_Input_.
■ ■ ■ ■ ■
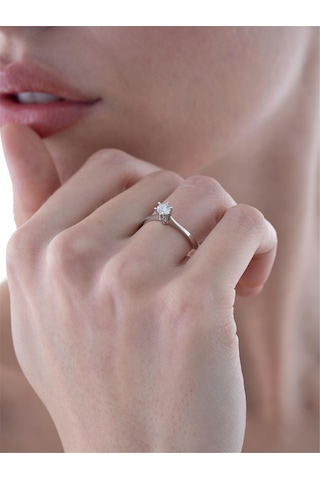 0,23 Karat Tektaş Pırlanta Yüzük-706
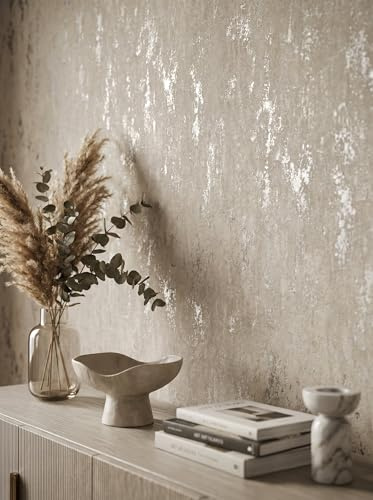 Newroom Vliestapete Taupe Betontapete Glamour Metallic Wohnzimmer | Vertikale Putzstruktur, silbriger Glanz, warmes Beige mit changierenden Schlieren, Strukturtapete, elegant, Loft-Optik, Büro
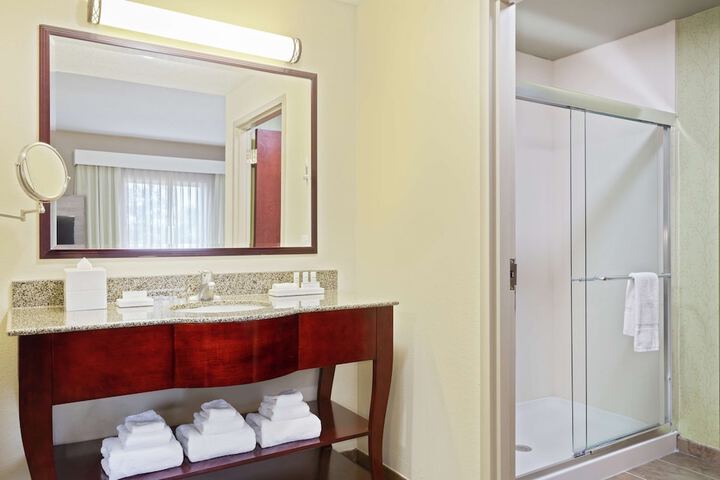 Room 10 of 32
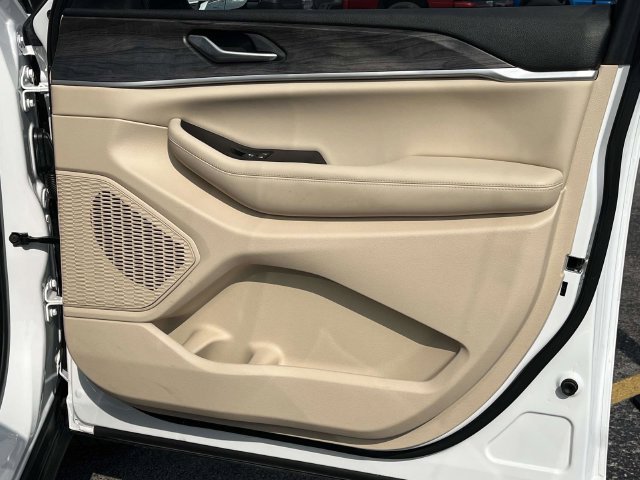 Used 2023 Jeep Grand Cherokee Limited w/ Black Appearance Package RWD image 26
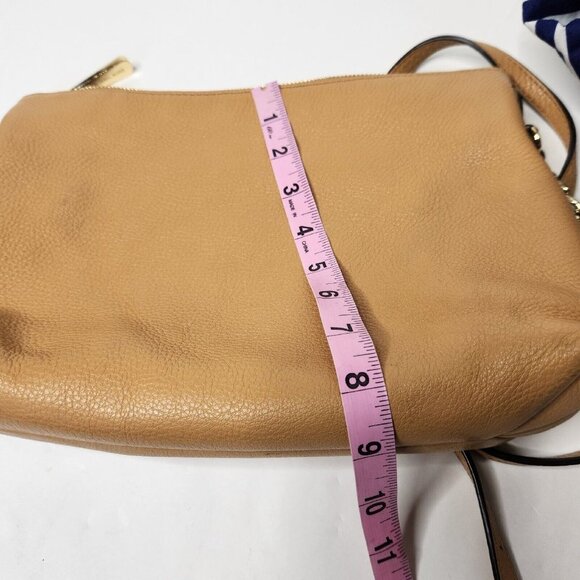 Michael Kors Women's Crossbody Jet Set Chain Link Leather Purse - Picture 8 of 11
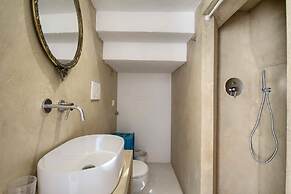 Deluxe Tangerine Court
■ ■ ■ ■ ■
Please set down only the lines from the first line of the records above through the line that has "Used 2023 Jeep", exactly, and not the pictures.

_Finished task_.
 0,23 Karat Tektaş Pırlanta Yüzük-706
 Newroom Vliestapete Taupe Betontapete Glamour Metallic Wohnzimmer | Vertikale Putzstruktur, silbriger Glanz, warmes Beige mit changierenden Schlieren, Strukturtapete, elegant, Loft-Optik, Büro
 Room 10 of 32
 Used 2023 Jeep Grand Cherokee Limited w/ Black Appearance Package RWD image 26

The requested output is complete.